Banda Aceh – Juru Bicara UNHCR (United Nations High Commissioner for Refugees) Indonesia Mitra Salima Suryono mengkritisi kaburnya tiga pengungsi Rohingya dari tempat penampungan di Balai Meuseuraya Aceh (BMA) Banda Aceh. Karena kejadian yang sama terus berulang, bisa diduga hal ini mengarah pada praktik jaringan penyelundupan.
“Termasuk menggunakan jaringan penyelundup (perjalanan tidak resmi), karena mereka tidak memiliki pilihan, dan putus asa dalam upaya mereka bersatu dengan keluarga mereka,” katanya saat dikonfirmasi di Banda Aceh pada hari Selasa (23/1).
Banyak pengungsi yang datang ke Aceh tidak memiliki identitas diri maupun dokumen perjalanan. Maka mereka tidak bisa melanjutkan perjalanan ke tujuan selanjutnya.
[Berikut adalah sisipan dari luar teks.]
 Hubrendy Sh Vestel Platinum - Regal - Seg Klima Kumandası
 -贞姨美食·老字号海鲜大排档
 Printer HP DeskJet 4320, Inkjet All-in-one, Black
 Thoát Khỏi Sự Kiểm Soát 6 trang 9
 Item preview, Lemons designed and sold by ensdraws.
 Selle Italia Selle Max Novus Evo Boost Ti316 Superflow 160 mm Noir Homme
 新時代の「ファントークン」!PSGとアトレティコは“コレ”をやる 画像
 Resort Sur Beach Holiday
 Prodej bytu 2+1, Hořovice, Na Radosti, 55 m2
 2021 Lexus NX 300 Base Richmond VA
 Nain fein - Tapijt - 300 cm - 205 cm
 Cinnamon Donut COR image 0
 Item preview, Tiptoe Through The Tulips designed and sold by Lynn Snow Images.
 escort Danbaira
Namun hal itu kemudian diakali dengan menempuh cara-cara ilegal, termasuk memanfaatkan jaringan penyelundupan manusia.
Beberapa pengungsi mengatakan keputusan kabur dari tempat penampungan karena ingin bersatu dengan kerabatnya yang sudah ada di negara lain. Para perempuan, pria, dan anak-anak yang rentan tetap memutuskan untuk melanjutkan perjalanan seperti itu walau sangat beresiko.
Mitra mengaku pihaknya terus berusaha mengedukasi para pengungsi agar tidak lagi melakukan perjalanan ilegal.
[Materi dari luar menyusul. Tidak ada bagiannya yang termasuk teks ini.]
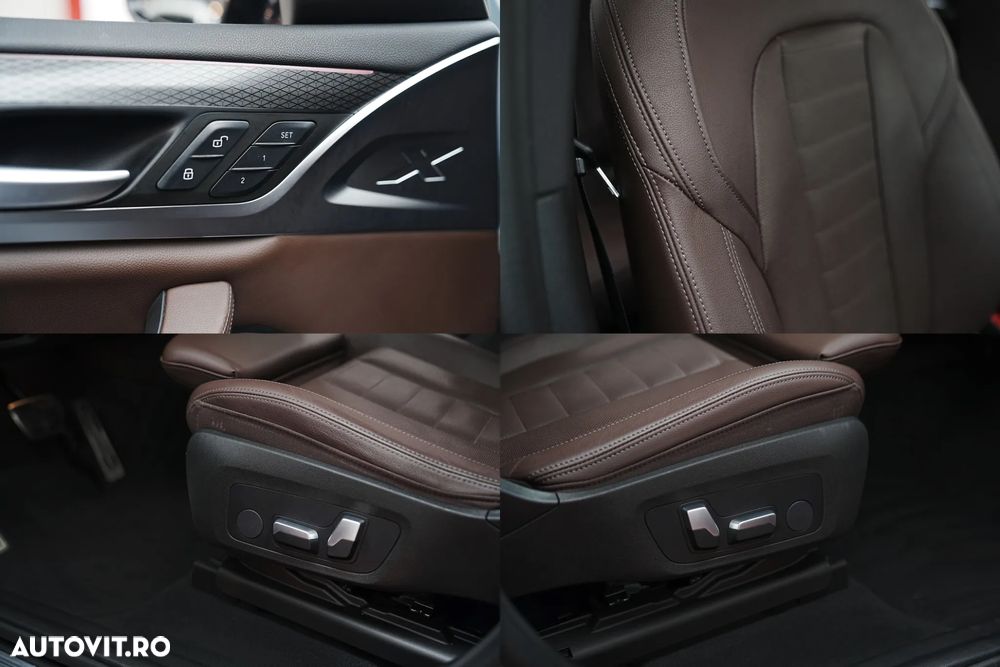 BMW X4 xDrive20d M Sport - 32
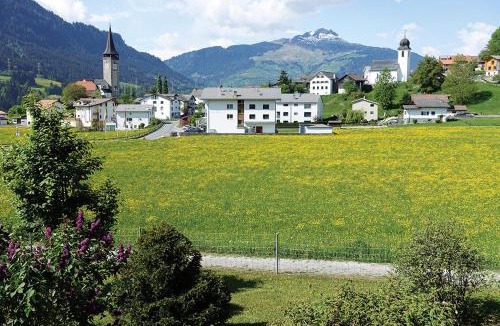 Sagogn Apartment | Apartment Piz Mundaun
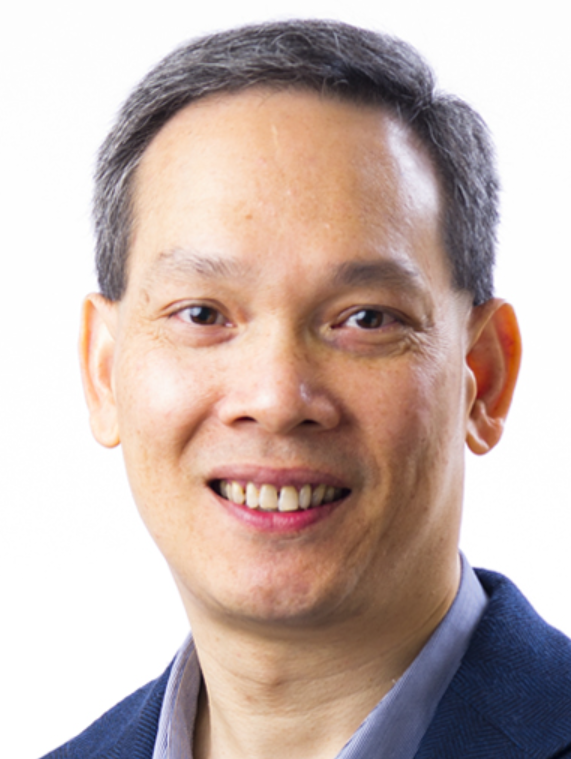 Yiu Keung Raymond Lau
“Sebagai upaya pencegahan, konseling ini kami sampaikan secara rutin kepada para pengungsi. Akan tetapi, sebagai solusi jangka panjang, diperlukan kerjasama antar negara di kawasan ini. Setiap negara diharapkan berkontribusi dalam semangat pemerataan tanggung jawab,” tandas Mitra.